# Order statistics - German Tank Problem

#### beer4me

##### New Member
Hi everyone,

This problem is simply stated but has me stumped:
In WW2 the Allies noticed that the German tanks had sequential serial numbers on them. They were able to capture some tanks, and note their serial numbers.

The problem is this: given m serial numbers from captured tanks, what is a suitable estimator for N, the total number of German tanks?

I think I can assume that N is so large and m so small that I can assume that tanks were drawn with replacement (is this assumption recommended?) In this case, samples are independent.

Hence the probability of choosing any particular tank is 1/N. The probability distribution is just a uniform distribution (but a discrete distribution). The cumulative probability of choosing a tank with a number less than or equal to X is F(X) = X/N.
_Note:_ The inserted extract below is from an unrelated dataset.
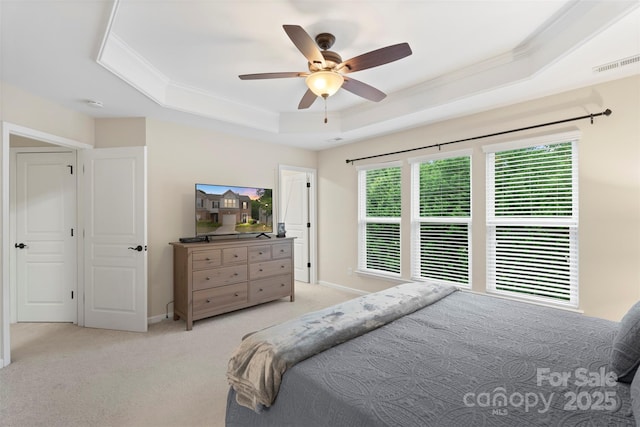 4278 Park S Station Blvd, Charlotte, NC 28210 - bedroom with a raised ceiling, ornamental molding, light carpet, ceiling fan, and baseboards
This is how far I've got in the solution: let the observed m tank serial numbers be x1, x2, ..., xm. Let Xmax be the random variable which represents the maximum serial number and xmax be the observed maximum number. I now try to find the probability distribution of Xmax. The probability that Xmax is less than or equal to any value x is F(x)^m = (X/N)^m (let's call this Fmax(x)).

I can find the probability that Xmax=x by simply taking the difference: P(Xmax=x) = Fmax(x)-Fmax(x-1).

Now I don't know how to proceed. Somehow I need to get an equation which features N, rearrange it so I can solve for N. I thought about taking the mean of P(Xmax), but I'm not sure that would work.

Can anybody please give me a direction for pursuing this problem?

#### beer4me

##### New Member
I thought I should give a bit more info on what I was thinking of doing.
I'm thinking of trying to get an expression for the expectation of Xmax, and then setting that equal to xmax, the observed maximum, because if you have only one sample, that's your best estimate of the mean. Do you think this idea should work? The only problem is I get a complicated expression for the expectation and I don't think I can solve for N.

#### beer4me

##### New Member
Just an update - through extensive internet searching and putting together information I've solved the problem - more details later, but my assumption of sampling with replacement is wrong - it's okay to sample without replacement.

I was on the right track trying to get the expectation and equating that to the observed value.